No one need go hungry
A sermon on Jewish and Christian bread
We find ourselves in the middle of a five week series of readings that take us through the sixth chapter of the Gospel of John. This chapter has three main parts: the feeding of the 5,000; Jesus walking across the sea of Galilee; and the “Bread of Life” discourse. This week I want to step back and comment on the larger context of this chapter and of John’s Gospel as a whole.
The Gospel of John was the last of the canonical gospels to be written – probably in the early years of the second century. Although it is rooted in earlier traditions – for example, John’s account of the miraculous feeding echoes the Gospel of Mark - it reflects a development of theological reflection on the meaning of Jesus. “I am the bread of life” is the first of the “I am” statements of Jesus in John’s Gospel: I am bread; light; door; good shepherd; resurrection and life; way, truth and life; true vine. All of these are ways that Jesus identifies himself with God, the great “I am.”[1] John’s Gospel has what is called a “high Christology,” a view of Jesus in which his divinity is brought into the forefront of attention; not to the exclusion of his humanity, but in a more pronounced way than in the synoptic gospels.
The Gospel of John was not only written later, but in the context of a growing rift between the church and the synagogue. Remember that Jesus and his earliest followers were Jews. The writer of John’s Gospel is also Jewish, and writes to persuade his fellow Jews that the understanding of Jesus as both divine and human, and as the fulfillment of Jewish messianic expectation, is true and consistent with a right understanding of scripture. Jesus the Christ is the hope for Israel and for the world.

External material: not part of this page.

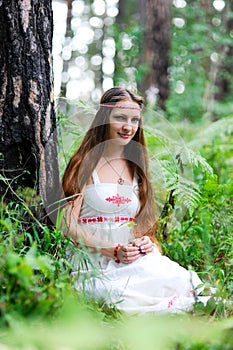 A young beautiful Slavic girl with long hair and Slavic ethnic attire sits in a summer forest and holds a berry in her hands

For most Jews, who might otherwise have considered Jesus’ followers as a curious Jewish sect, this was a bridge too far – a bridge which many Gentiles were crossing. This threatened to erase distinctly Jewish identity. So, Jewish disciples of Jesus began to be expelled from the synagogue. This is why, in John’s Gospel, Jesus’ conflict with the Judeans seems so fraught. The current tension between church and synagogue is read back into the Jesus story as a tension between Galilean and Judean Jewish piety.
We must tread very carefully here. What is a debate between Jews has been interpreted too often as a debate between Christians and Jews that justifies anti-Jewish and antisemitic violence. “The Judeans” in John’s Gospel are not all Jews, and certainly not our Jewish neighbors today. The “Jewishness” of John’s Gospel is evident in the way that Jesus is depicted in John Chapter Six. The feeding of the 5,000 and Jesus’ miraculous crossing of the sea recalls the Israelites crossing of the Red Sea and the provision of manna, the bread in the wilderness, to sustain them on their journey. We are to understand Jesus in terms of the Exodus narrative as a new and improved Moses.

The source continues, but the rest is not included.